Reading the creative works of famous science fiction writers was only half of the class requirements for Mary Gillespie’s English class students this fall semester at Western Nevada College. The other part of the class tapped into the artistic creativity of her students.
In some English classes, Gillespie’s students have related to their readings by creating short stories and poems, paintings, videos, meals and performances.
Her current English students are expressing their understanding of steampunk culture. Steampunk has a Victorian Era origin and was spawned by science fiction writers and the Industrial Revolution in Europe. More recently, it has evolved into a subculture of expression through fashion and festivals.
Constructing steampunk-style bricolage reflections, the students have been focused on creating a map of Frankenstein’s travels, a clock made of gears, and tracing the characters’ journeys in “Around the World in Eighty Days.” They are also building a time machine from H.G. Wells’ classic, “The Time Machine.”
“In the beginning of the semester, we started with some authors who helped lay the early foundation for steampunk literature, such as Mary Shelley, Jules Verne and H.G. Wells,” she said. “While we were discussing these works, I realized that I wanted my students to engage on an artistic and material level as well, because of the role of art in steampunk culture,” Gillespie said.
For these bricolage projects, the class has been gathering a variety of supplies from thrift stores, old jewelry and toys, paints, yarn, paper, scrapbook materials, old electronics, and other items that pass the eye test.
“They seem to get more inspired as we continue in the semester, and I am hoping to continue to gather materials to be better prepared to integrate these projects into future courses,” Gillespie said.
“I wanted something that would interest students in terms of cultural movements and philosophies that they could relate to. There has been a growing culture of steampunk throughout the years, and it’s been a lot of fun for me to discover the art and philosophies surrounding the topic. It seemed like something that would speak to the students’ experiences and interests.”
For the “Frankenstein” project, students traced the protagonists’ journey through Europe with depictions of events that occurred at each place. Gillespie said that students illustrated the city where Victor makes his creation to be surrounded by mechanical gears, fake bloody gauze and images of Prometheus.
Following their reading of “The Time Machine,” the students’ creativity soared.
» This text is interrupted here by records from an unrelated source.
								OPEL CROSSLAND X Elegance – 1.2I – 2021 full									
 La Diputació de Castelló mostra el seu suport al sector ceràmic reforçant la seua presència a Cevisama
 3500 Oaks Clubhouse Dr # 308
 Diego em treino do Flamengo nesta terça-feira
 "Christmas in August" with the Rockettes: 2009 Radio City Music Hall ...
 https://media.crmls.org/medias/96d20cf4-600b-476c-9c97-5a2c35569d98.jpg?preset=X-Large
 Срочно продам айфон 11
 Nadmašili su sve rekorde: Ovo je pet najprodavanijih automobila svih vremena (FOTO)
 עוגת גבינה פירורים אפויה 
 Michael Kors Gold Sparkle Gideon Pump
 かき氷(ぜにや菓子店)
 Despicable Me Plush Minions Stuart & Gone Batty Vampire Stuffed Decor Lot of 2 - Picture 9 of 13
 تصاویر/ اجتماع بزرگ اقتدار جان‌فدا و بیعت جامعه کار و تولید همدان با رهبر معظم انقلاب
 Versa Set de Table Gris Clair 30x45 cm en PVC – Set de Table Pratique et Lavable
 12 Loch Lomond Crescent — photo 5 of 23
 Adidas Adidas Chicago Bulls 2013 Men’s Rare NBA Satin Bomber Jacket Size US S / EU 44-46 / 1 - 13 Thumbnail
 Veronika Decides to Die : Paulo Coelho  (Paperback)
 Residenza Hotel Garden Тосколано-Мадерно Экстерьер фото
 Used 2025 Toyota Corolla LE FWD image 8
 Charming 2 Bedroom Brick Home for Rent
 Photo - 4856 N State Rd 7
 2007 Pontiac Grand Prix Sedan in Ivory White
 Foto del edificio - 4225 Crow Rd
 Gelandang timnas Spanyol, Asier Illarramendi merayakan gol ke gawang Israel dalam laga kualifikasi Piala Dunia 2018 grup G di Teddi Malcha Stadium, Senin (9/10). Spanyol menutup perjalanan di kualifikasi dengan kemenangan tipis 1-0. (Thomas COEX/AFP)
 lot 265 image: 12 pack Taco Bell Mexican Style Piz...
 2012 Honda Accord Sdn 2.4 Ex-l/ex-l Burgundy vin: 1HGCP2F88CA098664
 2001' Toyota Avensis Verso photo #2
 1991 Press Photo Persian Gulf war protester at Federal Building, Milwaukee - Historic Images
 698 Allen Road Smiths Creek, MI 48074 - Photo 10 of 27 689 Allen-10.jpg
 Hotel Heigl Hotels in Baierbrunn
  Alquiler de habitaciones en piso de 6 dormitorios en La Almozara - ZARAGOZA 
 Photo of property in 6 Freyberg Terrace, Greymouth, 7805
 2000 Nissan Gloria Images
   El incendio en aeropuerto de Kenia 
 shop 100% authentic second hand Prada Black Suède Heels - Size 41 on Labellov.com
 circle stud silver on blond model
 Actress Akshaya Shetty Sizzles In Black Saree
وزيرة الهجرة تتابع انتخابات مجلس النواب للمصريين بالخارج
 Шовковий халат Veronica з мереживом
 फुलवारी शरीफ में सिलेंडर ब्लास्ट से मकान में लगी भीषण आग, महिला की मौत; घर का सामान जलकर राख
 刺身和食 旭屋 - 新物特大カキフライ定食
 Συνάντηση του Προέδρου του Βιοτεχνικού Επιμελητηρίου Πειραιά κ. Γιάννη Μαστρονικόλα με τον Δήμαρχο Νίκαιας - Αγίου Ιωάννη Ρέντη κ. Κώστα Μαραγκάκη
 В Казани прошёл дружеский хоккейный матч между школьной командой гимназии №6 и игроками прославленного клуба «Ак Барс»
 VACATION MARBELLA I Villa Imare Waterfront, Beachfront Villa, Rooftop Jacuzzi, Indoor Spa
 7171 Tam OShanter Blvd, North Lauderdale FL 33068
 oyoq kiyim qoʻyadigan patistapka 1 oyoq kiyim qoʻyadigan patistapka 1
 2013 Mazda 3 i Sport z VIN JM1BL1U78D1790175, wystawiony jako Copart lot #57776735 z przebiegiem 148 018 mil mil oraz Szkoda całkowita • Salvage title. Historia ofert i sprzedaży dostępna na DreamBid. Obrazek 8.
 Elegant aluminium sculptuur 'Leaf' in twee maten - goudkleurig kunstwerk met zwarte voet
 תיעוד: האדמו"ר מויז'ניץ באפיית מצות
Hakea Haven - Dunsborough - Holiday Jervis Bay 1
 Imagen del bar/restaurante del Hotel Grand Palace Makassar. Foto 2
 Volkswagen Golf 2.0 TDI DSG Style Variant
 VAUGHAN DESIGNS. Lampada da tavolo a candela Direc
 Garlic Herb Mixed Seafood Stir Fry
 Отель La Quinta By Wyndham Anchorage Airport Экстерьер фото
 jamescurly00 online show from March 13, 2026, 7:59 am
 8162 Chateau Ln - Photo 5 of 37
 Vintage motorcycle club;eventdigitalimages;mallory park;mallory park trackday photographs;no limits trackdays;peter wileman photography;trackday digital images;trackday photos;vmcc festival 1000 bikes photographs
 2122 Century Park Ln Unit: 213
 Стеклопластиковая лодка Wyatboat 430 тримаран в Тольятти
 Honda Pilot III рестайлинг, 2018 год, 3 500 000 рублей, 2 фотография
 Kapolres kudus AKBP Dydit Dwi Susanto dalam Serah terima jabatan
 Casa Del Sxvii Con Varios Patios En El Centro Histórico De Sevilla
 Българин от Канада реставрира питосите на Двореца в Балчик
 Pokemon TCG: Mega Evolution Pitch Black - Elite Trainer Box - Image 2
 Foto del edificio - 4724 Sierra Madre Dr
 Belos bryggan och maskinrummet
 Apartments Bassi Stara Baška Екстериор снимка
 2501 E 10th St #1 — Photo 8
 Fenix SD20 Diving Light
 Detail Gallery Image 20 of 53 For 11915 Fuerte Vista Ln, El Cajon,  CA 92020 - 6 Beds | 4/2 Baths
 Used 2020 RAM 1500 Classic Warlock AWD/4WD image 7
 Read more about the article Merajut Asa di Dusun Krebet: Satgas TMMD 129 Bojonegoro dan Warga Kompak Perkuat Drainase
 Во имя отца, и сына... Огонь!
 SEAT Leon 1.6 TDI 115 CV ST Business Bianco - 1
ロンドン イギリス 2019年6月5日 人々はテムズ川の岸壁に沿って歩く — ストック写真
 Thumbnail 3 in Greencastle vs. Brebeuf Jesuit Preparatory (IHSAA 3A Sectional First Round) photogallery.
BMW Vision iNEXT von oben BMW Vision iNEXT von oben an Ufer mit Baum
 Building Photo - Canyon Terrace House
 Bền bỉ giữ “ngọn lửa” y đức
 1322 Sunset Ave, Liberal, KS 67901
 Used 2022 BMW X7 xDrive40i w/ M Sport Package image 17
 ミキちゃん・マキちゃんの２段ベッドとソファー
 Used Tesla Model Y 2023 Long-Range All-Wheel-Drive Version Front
“The class brainstormed for this by starting with a Barbie car painted brown and powered through various motherboards taken from old cellphones, copper coils, USB plugs, and it even comes equipped with a Victorian gentleman driver and chandelier,” Gillespie said.
The time machine car sits atop a board separated into sections of the novel — from Victorian era London to the paradise of Eloi and the underground Morlocks who eat them in the year 802,701, and finally to the end of all existence, in a land of ocean and giant crabs.
Gillespie originally planned to assign the creative projects individually, but reconsidered and formed groups to “stimulate critical thinking and creative connections to the literature.”
To conclude the semester, Gillespie’s class is reading a pair of modern steampunk novels: “The Difference Engine” and “The Boneshaker.” Gillespie can hardly wait to see what her students will create after completing the novels. And she hopes their interest in the steampunk culture continues.
“Several of the students have shown some very creative and inspiring approaches, and will hopefully feel encouraged to try out a steampunk-themed event or dance,” Gillespie said. “It’s definitely opened some eyes to the diversity of people interested in steampunk culture.”
Gillespie is planning to offer the same course — Themes of Literature (ENG 223) — during the spring semester. Registration opens Nov. 7.